Extracted information:
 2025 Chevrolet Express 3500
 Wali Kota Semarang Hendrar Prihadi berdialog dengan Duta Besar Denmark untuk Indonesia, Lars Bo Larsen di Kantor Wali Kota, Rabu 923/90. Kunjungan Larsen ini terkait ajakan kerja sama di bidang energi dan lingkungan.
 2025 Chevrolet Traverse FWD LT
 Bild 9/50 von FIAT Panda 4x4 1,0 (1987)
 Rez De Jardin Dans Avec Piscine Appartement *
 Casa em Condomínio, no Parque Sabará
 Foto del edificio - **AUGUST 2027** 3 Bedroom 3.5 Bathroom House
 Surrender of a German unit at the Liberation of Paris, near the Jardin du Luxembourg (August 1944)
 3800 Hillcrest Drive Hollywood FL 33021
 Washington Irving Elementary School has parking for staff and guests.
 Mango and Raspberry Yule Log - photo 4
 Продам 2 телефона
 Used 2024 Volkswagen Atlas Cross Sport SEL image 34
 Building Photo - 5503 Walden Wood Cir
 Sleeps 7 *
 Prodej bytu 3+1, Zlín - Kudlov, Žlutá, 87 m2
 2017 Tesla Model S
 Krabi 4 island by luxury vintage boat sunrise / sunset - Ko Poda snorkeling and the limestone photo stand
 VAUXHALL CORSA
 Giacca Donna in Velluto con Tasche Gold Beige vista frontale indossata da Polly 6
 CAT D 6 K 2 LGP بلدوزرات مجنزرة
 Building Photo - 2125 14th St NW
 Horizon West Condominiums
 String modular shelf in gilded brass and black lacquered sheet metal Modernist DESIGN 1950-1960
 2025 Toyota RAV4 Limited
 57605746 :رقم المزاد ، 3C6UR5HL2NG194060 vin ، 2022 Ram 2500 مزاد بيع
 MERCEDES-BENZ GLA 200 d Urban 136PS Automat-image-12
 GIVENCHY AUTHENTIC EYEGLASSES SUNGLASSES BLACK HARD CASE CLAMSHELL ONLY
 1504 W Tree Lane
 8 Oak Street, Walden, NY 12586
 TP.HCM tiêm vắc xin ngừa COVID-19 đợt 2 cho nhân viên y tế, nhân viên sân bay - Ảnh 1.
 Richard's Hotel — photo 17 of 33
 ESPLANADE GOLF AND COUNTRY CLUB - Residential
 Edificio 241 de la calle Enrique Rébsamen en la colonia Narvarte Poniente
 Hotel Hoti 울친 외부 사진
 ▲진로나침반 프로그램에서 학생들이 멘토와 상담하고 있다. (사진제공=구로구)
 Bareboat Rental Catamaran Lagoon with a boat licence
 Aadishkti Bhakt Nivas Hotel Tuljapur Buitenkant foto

Action item: Quote every line from the line containing "Surrender of a" through the closing line of the listing, including both.

Written answer:
 Surrender of a German unit at the Liberation of Paris, near the Jardin du Luxembourg (August 1944)
 3800 Hillcrest Drive Hollywood FL 33021
 Washington Irving Elementary School has parking for staff and guests.
 Mango and Raspberry Yule Log - photo 4
 Продам 2 телефона
 Used 2024 Volkswagen Atlas Cross Sport SEL image 34
 Building Photo - 5503 Walden Wood Cir
 Sleeps 7 *
 Prodej bytu 3+1, Zlín - Kudlov, Žlutá, 87 m2
 2017 Tesla Model S
 Krabi 4 island by luxury vintage boat sunrise / sunset - Ko Poda snorkeling and the limestone photo stand
 VAUXHALL CORSA
 Giacca Donna in Velluto con Tasche Gold Beige vista frontale indossata da Polly 6
 CAT D 6 K 2 LGP بلدوزرات مجنزرة
 Building Photo - 2125 14th St NW
 Horizon West Condominiums
 String modular shelf in gilded brass and black lacquered sheet metal Modernist DESIGN 1950-1960
 2025 Toyota RAV4 Limited
 57605746 :رقم المزاد ، 3C6UR5HL2NG194060 vin ، 2022 Ram 2500 مزاد بيع
 MERCEDES-BENZ GLA 200 d Urban 136PS Automat-image-12
 GIVENCHY AUTHENTIC EYEGLASSES SUNGLASSES BLACK HARD CASE CLAMSHELL ONLY
 1504 W Tree Lane
 8 Oak Street, Walden, NY 12586
 TP.HCM tiêm vắc xin ngừa COVID-19 đợt 2 cho nhân viên y tế, nhân viên sân bay - Ảnh 1.
 Richard's Hotel — photo 17 of 33
 ESPLANADE GOLF AND COUNTRY CLUB - Residential
 Edificio 241 de la calle Enrique Rébsamen en la colonia Narvarte Poniente
 Hotel Hoti 울친 외부 사진
 ▲진로나침반 프로그램에서 학생들이 멘토와 상담하고 있다. (사진제공=구로구)
 Bareboat Rental Catamaran Lagoon with a boat licence
 Aadishkti Bhakt Nivas Hotel Tuljapur Buitenkant foto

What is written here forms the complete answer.